*** Opening RECORDS FOR THIS TASK ***

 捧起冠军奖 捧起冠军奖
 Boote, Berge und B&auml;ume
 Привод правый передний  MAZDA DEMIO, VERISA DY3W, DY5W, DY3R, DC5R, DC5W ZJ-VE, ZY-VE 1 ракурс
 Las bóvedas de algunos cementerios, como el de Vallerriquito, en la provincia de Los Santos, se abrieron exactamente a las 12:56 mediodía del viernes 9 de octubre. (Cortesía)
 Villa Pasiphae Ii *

*** Closing RECORDS FOR THIS TASK ***
*** Opening RECORDS FOR THIS TASK ***

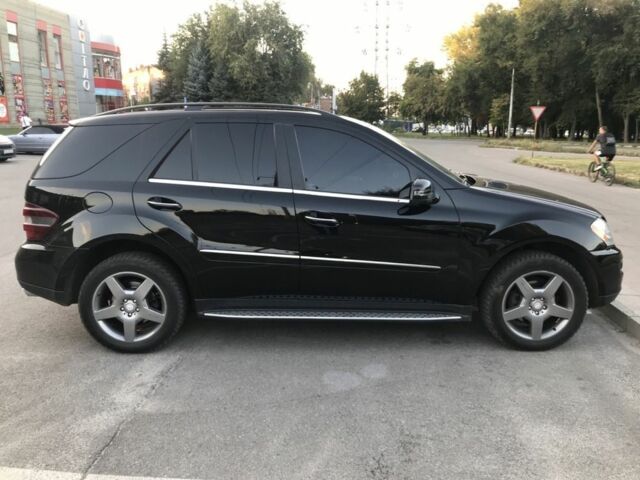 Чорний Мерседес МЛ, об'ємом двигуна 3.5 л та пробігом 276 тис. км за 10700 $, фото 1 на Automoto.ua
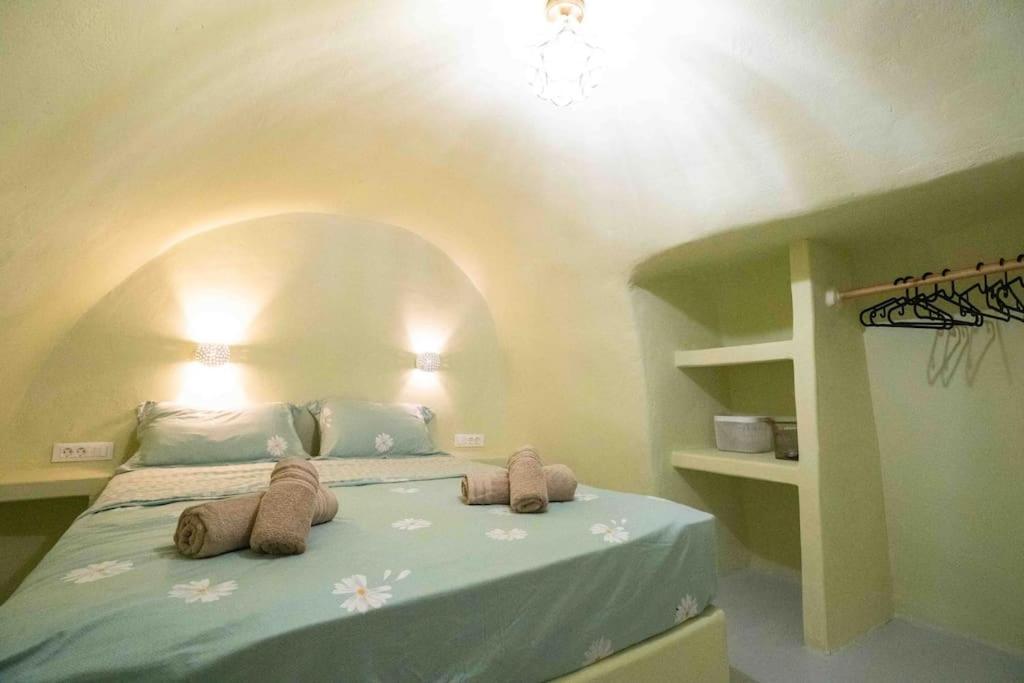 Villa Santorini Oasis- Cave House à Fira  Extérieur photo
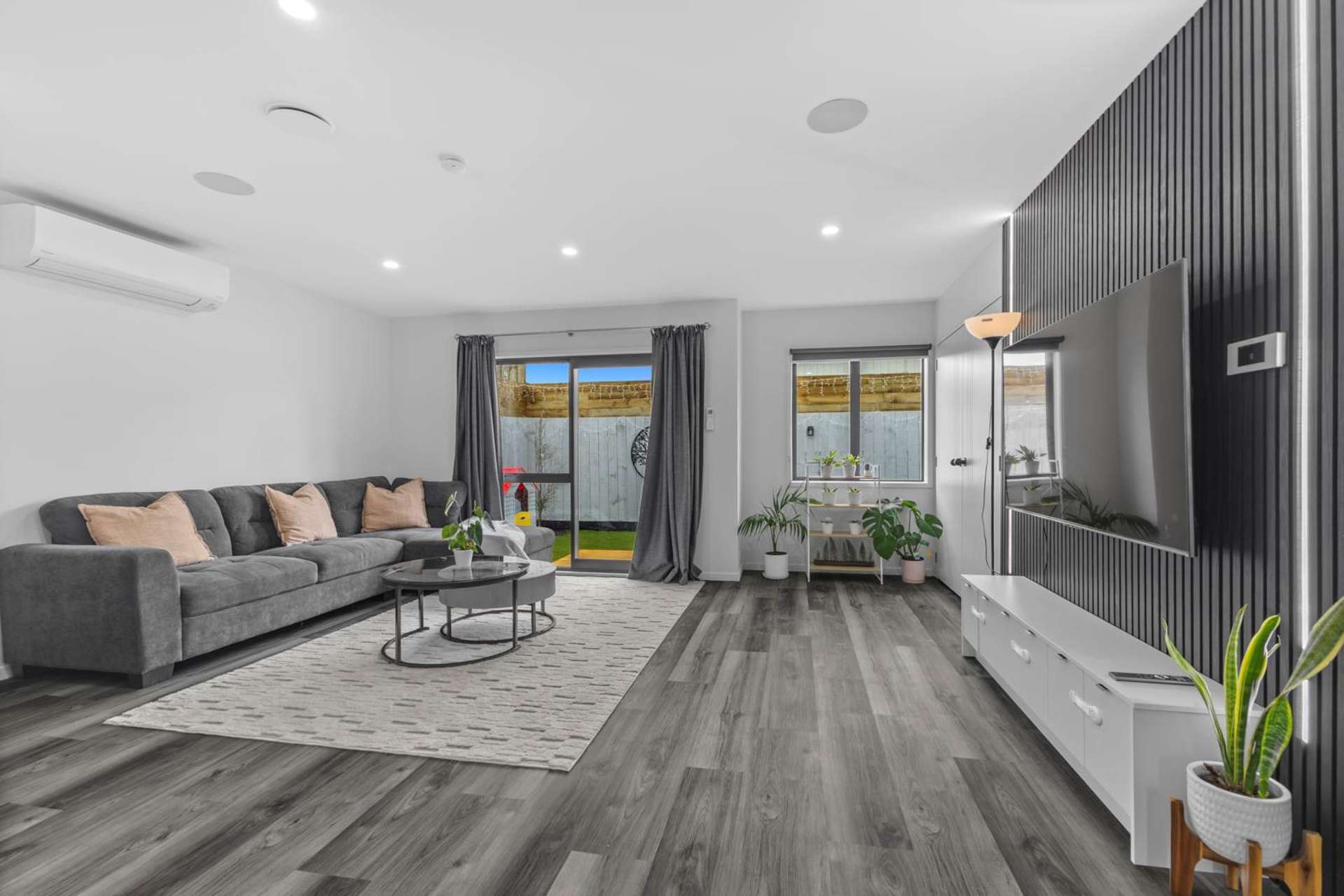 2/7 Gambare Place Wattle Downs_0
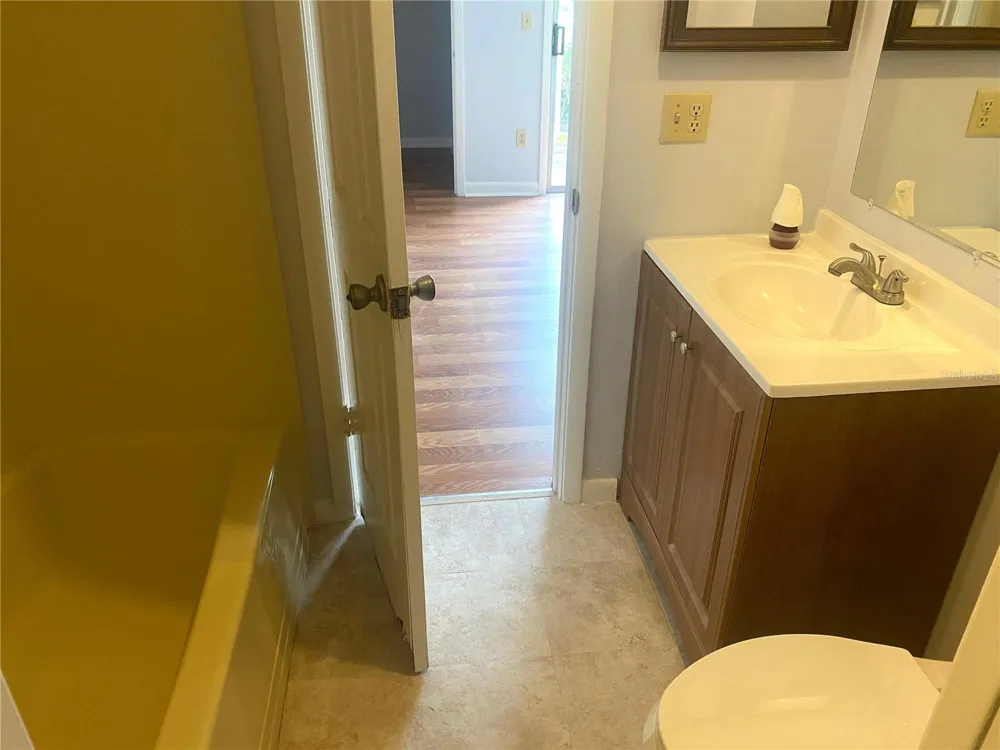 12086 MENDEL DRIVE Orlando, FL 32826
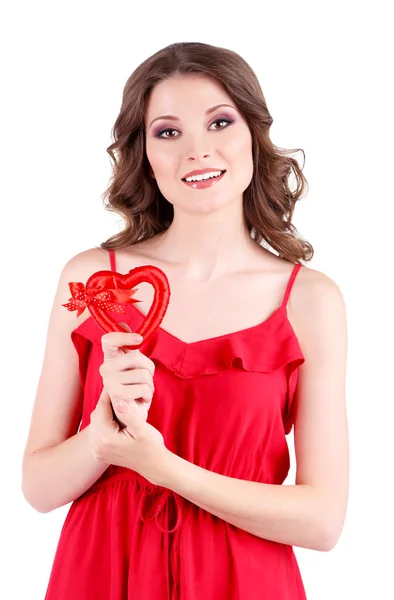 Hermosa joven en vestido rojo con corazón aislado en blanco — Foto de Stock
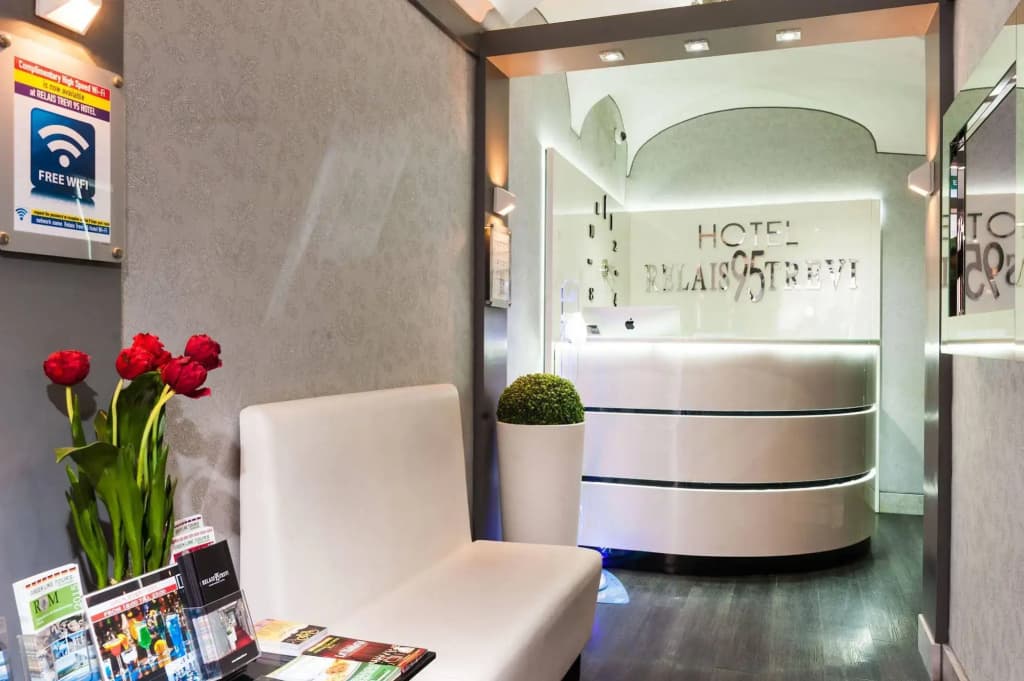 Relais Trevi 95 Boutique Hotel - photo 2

*** Closing RECORDS FOR THIS TASK ***

Print exactly, with no pictures, the lines above from the one that holds "Hermosa joven en" through the one that holds "Relais Trevi 95 Boutique Hotel - photo 2", both of them included.

### EXPECTED OUTPUT
 Hermosa joven en vestido rojo con corazón aislado en blanco — Foto de Stock
 Relais Trevi 95 Boutique Hotel - photo 2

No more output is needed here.